HELENA — A proposal to make it harder for people to get medical marijuana cards for severe and chronic pain drew plenty of opposition and little support at a hearing on Monday.
Senate Bill 170, by Senate Majority Leader Jeff Essmann, R-Billings, would require a panel of three physicians experienced in pain management to review and ultimately decide whether to approve or reject another doctor's recommendation that a patient be authorized to use medical marijuana for severe and chronic pain.
At present, only a single physician's authorization is needed.
At present, more than 20,000 people have obtained medical marijuana cards after claiming severe or chronic pain out of the 27,300 people who have obtained medical marijuana cards in Montana, according to state health statistics.
“It is a classification that frankly right now is pretty wide open, and it has allowed some certifying physicians to be pretty loose in the awarding of their diagnosis, over the phone, out of state without a full medical workup,” Essmann told the Senate Judiciary Committee.
His bill would change the diagnosis to severe and chronic pain, from severe or chronic pain, defining it as “severe, persistent and intractable pain” that is “unrelieved by standard medical treatments or medications” over a reasonable amount of time.
The certifying physician would prepare a report demonstrating that the patient has not responded to traditional forms of pain treatment. The report would go to the three-physician panel, which would have a teleconference to make the final decision.
“That part of the bill is intended to shut down the traveling circus situation we have now in Montana,” Essmann said.
He was referring to the “cannabis clinics” popular last year that often used out-of-state physicians in person or over the Internet to see people for a few minutes and authorize them to get medical marijuana cards.
The lone supporter of SB170 was Mark Long, representing the Montana Narcotics Officers Association, called the current medical marijuana situation “a joke.”
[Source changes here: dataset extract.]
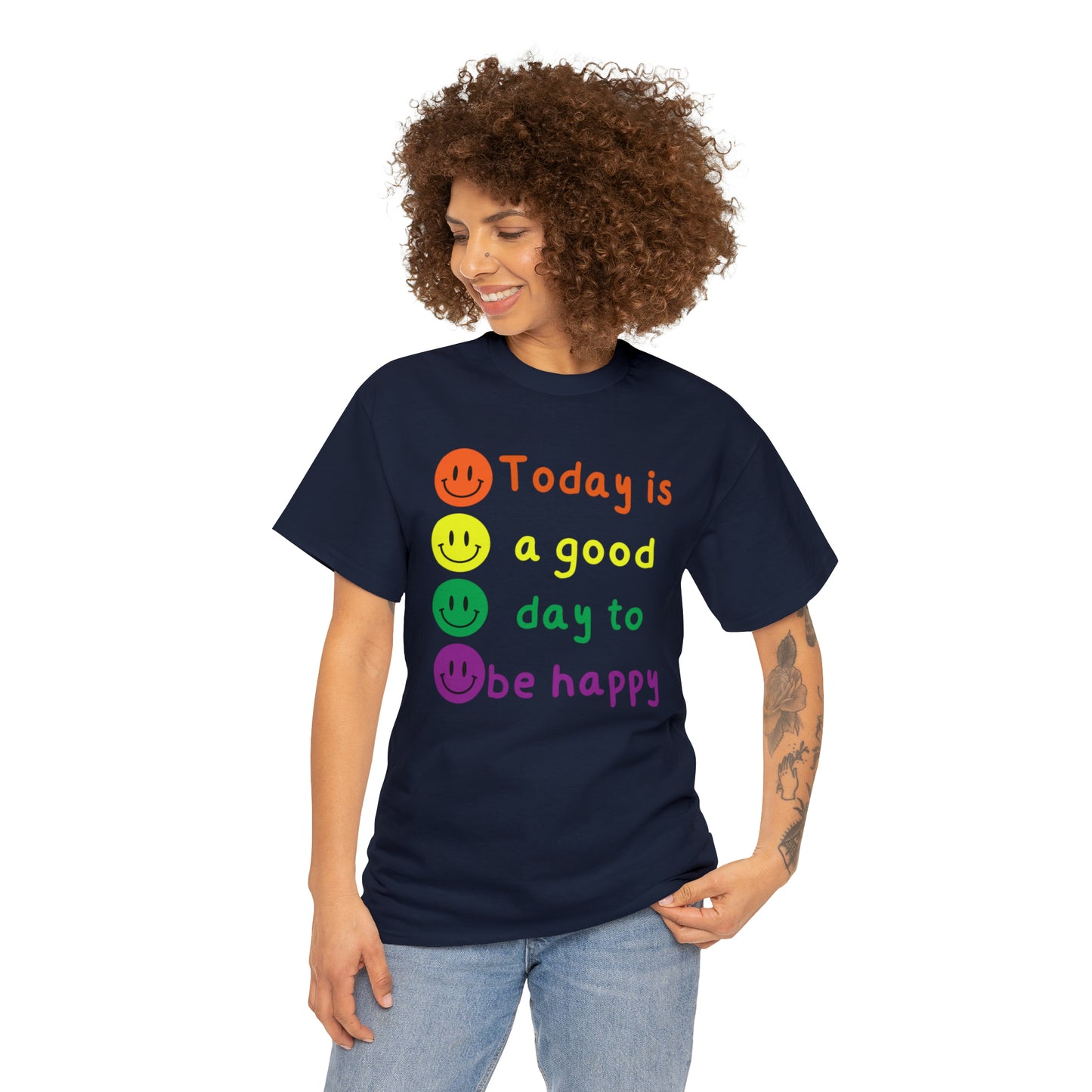Camiseta unisex de algodón pesado - Amor y libertad - 07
“We just need to close this loophole down so that the people who are just seeking drugs to get high and to make a profit have a little bit tougher time than they do right now,” Long said.
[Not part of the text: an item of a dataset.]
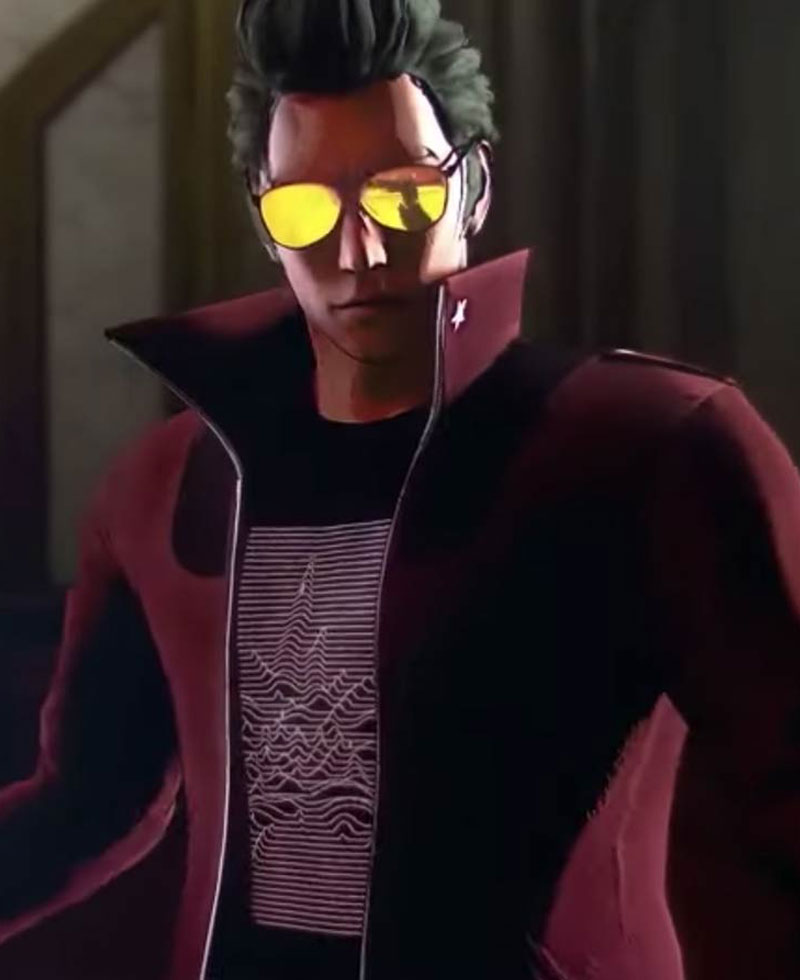 No More Heroes III Travis Jacket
Sixteen people testified against it, with all but one of them either medical marijuana patients or involved in the industry. Most called the three-physician panel unnecessary, a step that would be unaffordable to many people.
Since being hit by a drunken driver, Valerie Hellermann said, she has had 25 surgeries, has three artificial joints and is in chronic pain.
“I have been to many pain specialists,” she said. “The drugs I have been offered were all highly addictive opiates.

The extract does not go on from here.